Нет, никакого доноса на конкретных людей она не написала. Да и написать было нечего: не могла же она залезть людям в душу или под черепную коробку! Но отправила рапорт «о нездоровой обстановке в полпредстве Советского Союза в Стокгольме». Сообщала, что «расположение» полпредства «предрасполагает к нежелательным контактам». «Советское полпредство — это просто две квартиры в большом доме; этажом ниже живет портной, этажом выше расположены красильня и чистка, а на первом этаже автосервис. […] Каждый сам может сделать выводы из такого соседства». Сама Коллонтай «выводы» сделала, запретив всей советской колонии столоваться у белогвардейского повара («видите ли, пироги русские хорошо печет! А что у него при этом на уме? И чьи задания он выполняет?») и шить платья у белогвардеек.
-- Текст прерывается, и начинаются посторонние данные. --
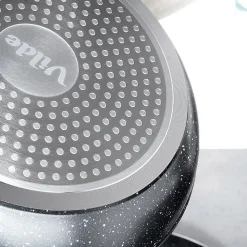 Poêle En Aluminium À Revêtement Granit Antiadhésif 26 Cm Blackwood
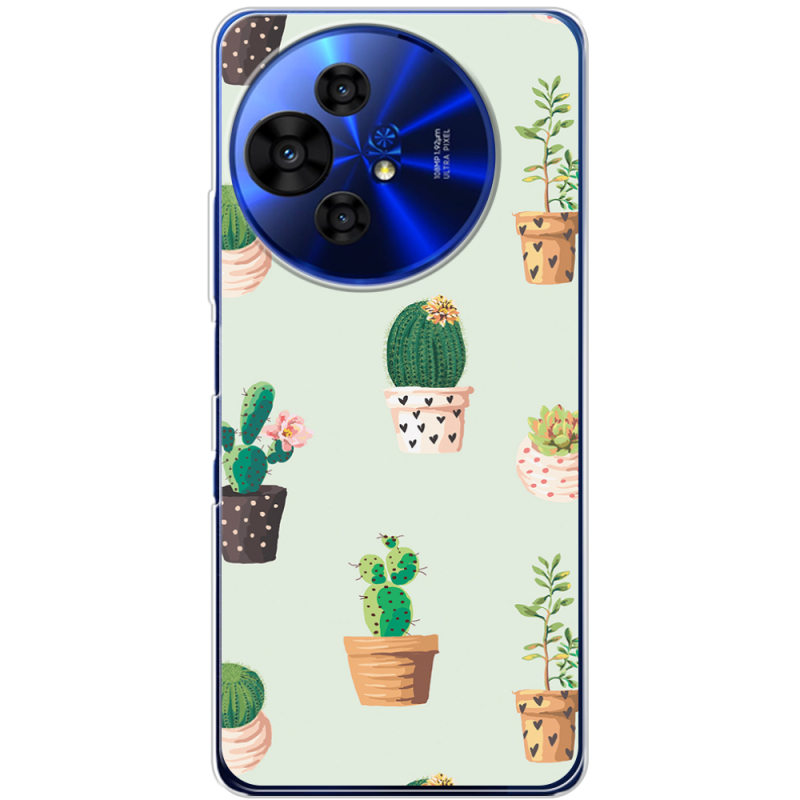 Чохол BoxFace TCL 50 Pro NxtPaper 5G L-green Cacti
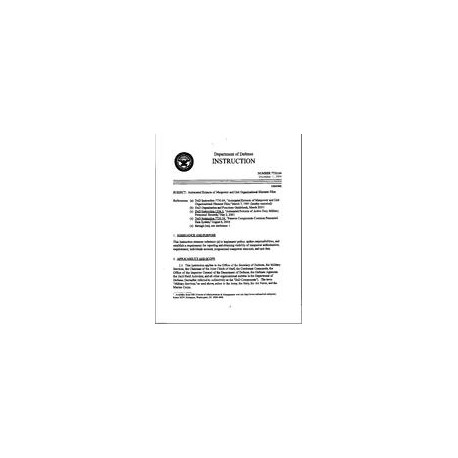 DOD DODI-7730.64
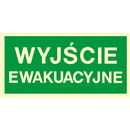 Znak TDC, Wyj�cie ewakuacyjne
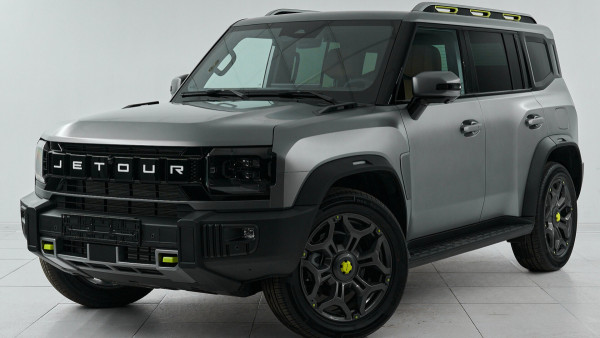 Jetour T2, I 2024 с пробегом 18 км.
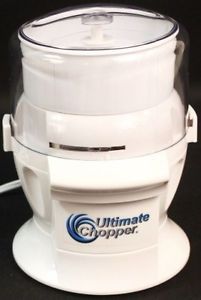 598835991203 ~ Ultimate Chopper Food Processor + Blender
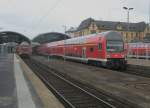 Hier ein RE nach Halle(Saale) Hbf.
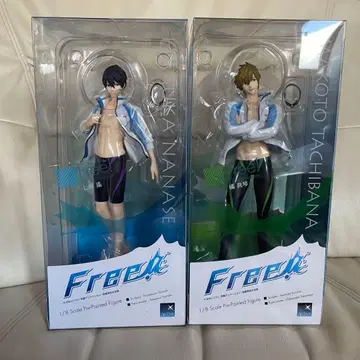 Free! 나나세 하루카 타치바나 마코토 1/8 스케일 피규어 ALTER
Куда менее плодотворными были ее потуги добиться у шведских властей выдачи сбежавшего атташе. Министр иностранных дел, консерватор Трюггер, которого она посетила, решительно заявил, что у Швеции нет традиции выдавать тех, кто ищет спасения.
— Соболев — командир Красной Армии, — настаивала Коллонтай, — его поступок — это дезертирство и измена.
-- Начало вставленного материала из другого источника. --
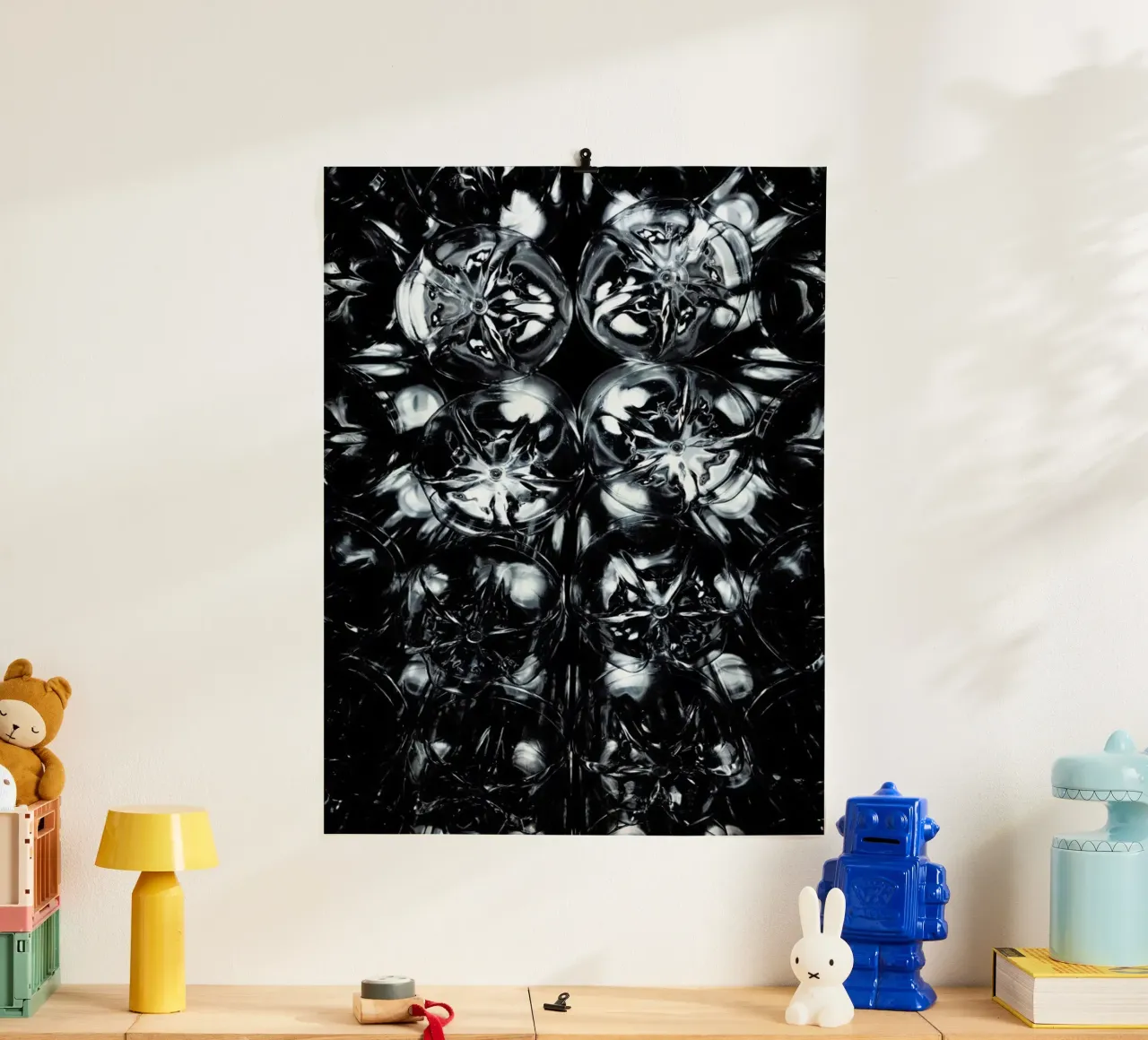 Plastic Textures poster da Sebastian Hilgetag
— Право на политическое убежище, — отвечал министр, — предусмотрено шведскими законами.
— Но Соболев присвоил казенные деньги, — не унималась Коллонтай, — уголовные преступники не имеют права на убежище.
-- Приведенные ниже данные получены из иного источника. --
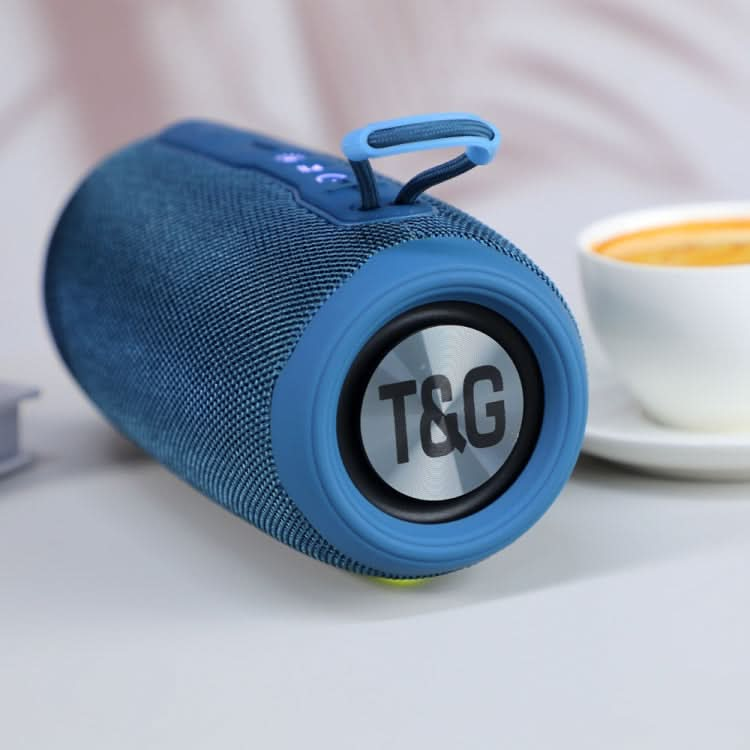 T&G TG663 Portable Colorful LED Wireless Bluetooth Speaker Outdoor Subwoofer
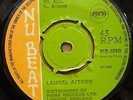 LAUREL AITKEN -  MR. SOUL / WOPPI KING -  ORIGINAL UK 45 NU BEAT CLIP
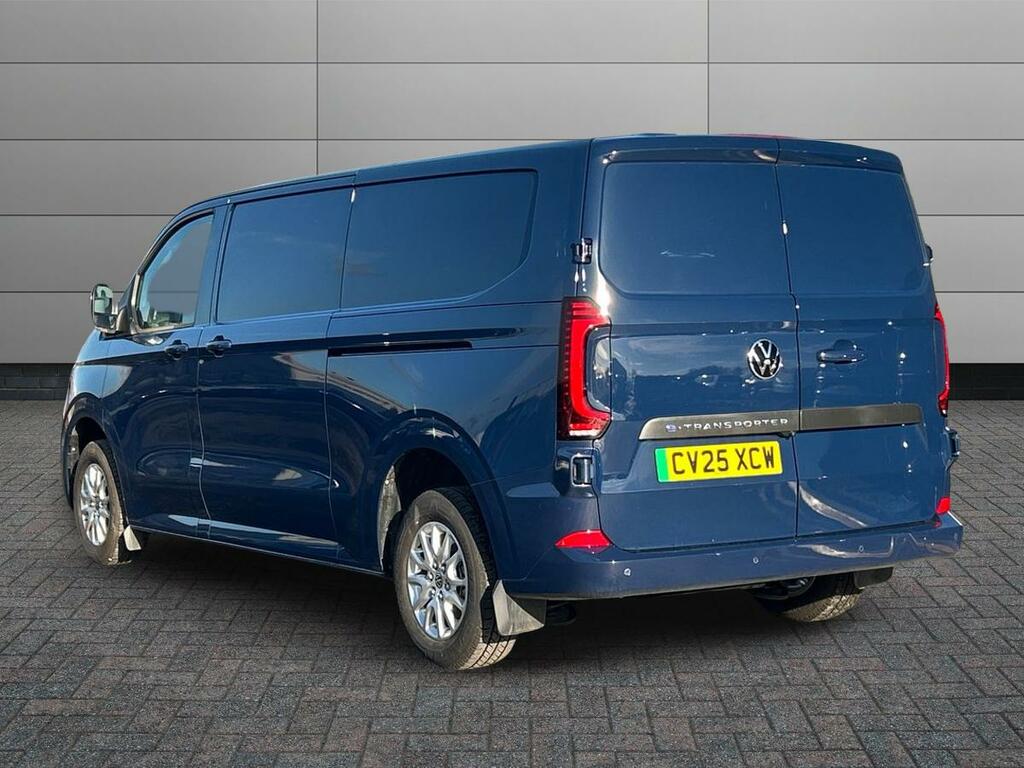 Volkswagen E-Transporter T34 65Kwh Commerce Pro Rwd Lwb CV25XCW Blue #2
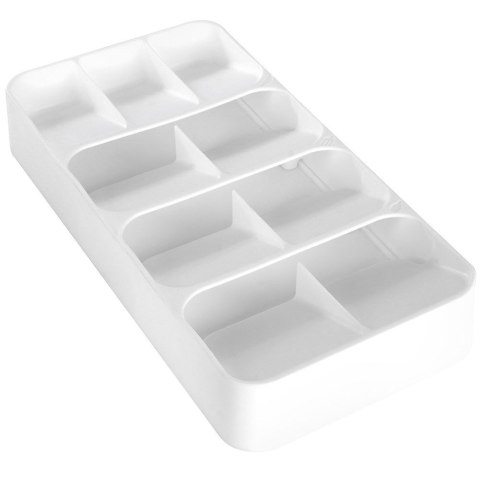 Organizer wkład do szuflady na sztućce biały 39x17x5,5 cm Grupa Orion Sp. z o.o. Organizer wkład do szuflady na sztućce biały 39x17x5,5 cm Grupa Orion Sp. z o.o.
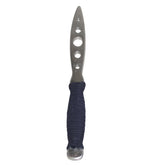 Aluminum Dull Skeletonized Practice Training Dagger Knife 11"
— Уж позвольте шведским властям решать, что следует делать в подобных случаях.
Поняв, что желанный исход ей не светит, Коллонтай решила выторговать хоть что-то, но и тут ее ждал полный афронт.
— Хорошо, прекратите, по крайней мере, шумиху в прессе.
— Вы полагаете, фру Коллонтай, — улыбнулся Трюггер, — что это во власти министра иностранных дел? У нас свобода печати.
Докладывая Сталину о своей неудаче, Коллонтай не скупилась на бранные комментарии насчет коварства буржуазии, завершив свой рапорт выводом, заведомо близким душе и сердцу ее адресата: «Главной причиной невозвращенства я считаю наличие в партии оппозиции и усиление провокационной работы враждебных нам зарубежных сил». Сталин получил именно то, что хотел получить.
В Осло ее ждала шифровка, полная достаточно прозрачных намеков: в обтекаемых выражениях Литвинов предлагал «дождаться» смерти полпреда Коппа, умиравшего от рака в берлинской больнице, и занять его место. Реакция Коллонтай на это известие кажется алогичной, неадекватной, даже абсурдной. Так ли уж, впрочем, абсурдной, если к ней подходить не рассудочно, а эмоционально? То есть так, как подходила сама Коллонтай. Вот она, эта реакция, отраженная в дневнике: «Вдруг почувствовала отвращение к запаху ночных фиалок — любимых, всегда напоминавших Куузу, юность, ожидание чего-то прекрасного. Впервые выставила их на ночь за дверь».